Se acomodó sobre una caja. Junto a ella había otra semejante, que estaba abierta y contenía libros. Una bicicleta de mujer, con la verde red de la rueda trasera destrozada, se hallaba boca abajo en un rincón, entre una tabla desnivelada apoyada contra la pared y un enorme baúl. Al cabo de unos minutos Luzhin ya se aburría, como cuando uno lleva la garganta envuelta en franelas y tiene prohibido salir de la habitación. Acarició los libros grises y polvorientos de la caja abierta, dejando negras huellas en las cubiertas. Junto a los libros había un volante de badminton con una pluma, una gran fotografía de una banda militar, un tablero de ajedrez resquebrajado y algunas otras cosas de muy poco interés.

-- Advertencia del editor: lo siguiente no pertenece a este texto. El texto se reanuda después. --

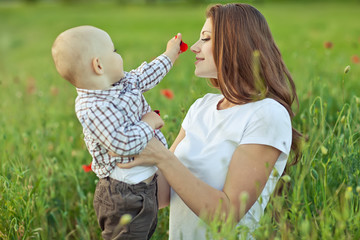 beautiful happy mother with her baby in a green field 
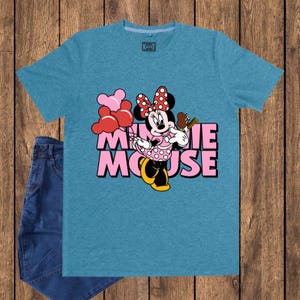 May include: A teal t-shirt featuring a graphic of Minnie Mouse holding balloons and an ice cream bar. The text "MINNIE MOUSE" is printed in pink. A pair of blue jeans is visible on the left side of the image.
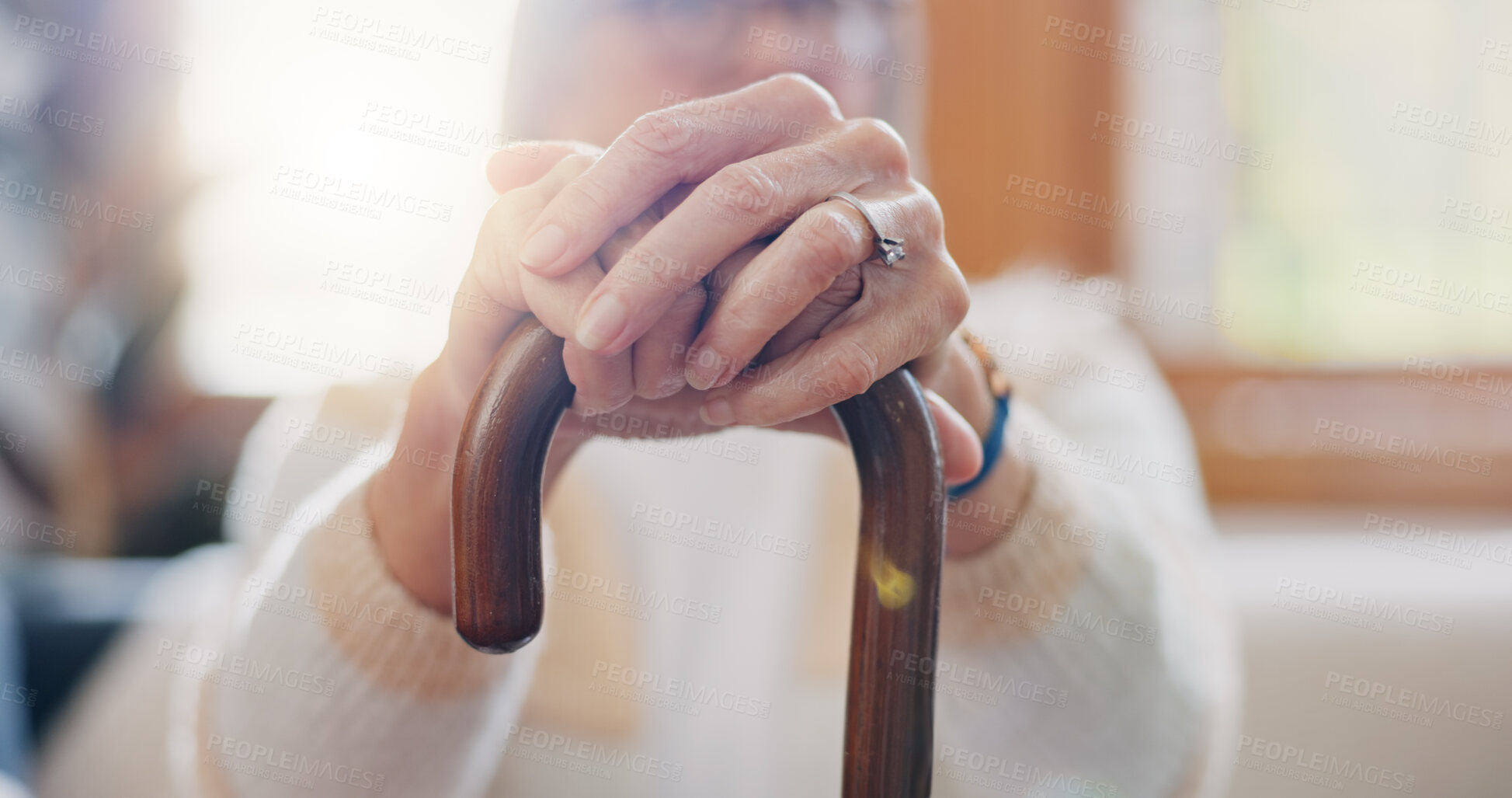 Buy stock photo Walking stick, hands and senior woman with a disability in home, apartment or retirement with support for injury. Elderly, closeup or person with wood cane to help balance or mobility with arthritis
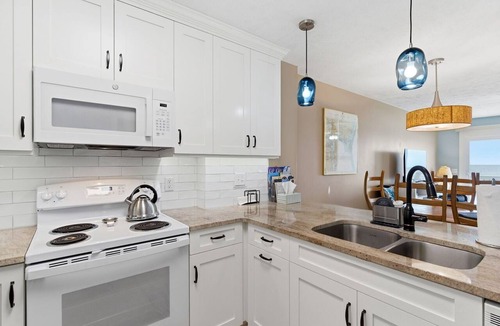 Kure Beach Condo | OD 1306 Oceanfront top floor condo. Indoor and outdoor pools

De esta manera transcurrió una hora. De pronto oyó ruido de voces y el chirrido de la puerta principal. Echando una mirada cautelosa desde el ventanuco pudo ver a su padre, quien como un muchacho subió a la carrera las escaleras y luego, antes de llegar al descansillo, volvió a descender rápidamente, con las piernas muy abiertas. Las voces de abajo se hicieron cada vez más claras: la del mayordomo, la del cochero, la del vigilante. Un minuto después la escalera volvió a llenarse de vida; en esta ocasión su madre subió a toda prisa, recogiéndose la falda con la mano, pero también ella se detuvo poco antes del descansillo, se inclinó en cambio, sobre la balaustrada, y luego, con los brazos muy abiertos, bajó corriendo. Finalmente, antes que transcurriera otro minuto, todos subieron en tropel; brillaba la cabeza calva de su padre, y el pájaro del sombrero de su madre se balanceaba como un pato en las aguas agitadas de un estanque; el pelo del mayordomo, cortado a la alemana, parecía saltar de abajo arriba; al final, apoyándose en la barandilla, subían el cochero, el vigilante y, por alguna razón desconocida, la lechera Akulina; cerraba la marcha un operario de barba negra del molino sobre el río, futuro habitante de futuras pesadillas. Fue él, por ser el más fuerte, quien cargó con Luzhin desde el desván hasta el carruaje.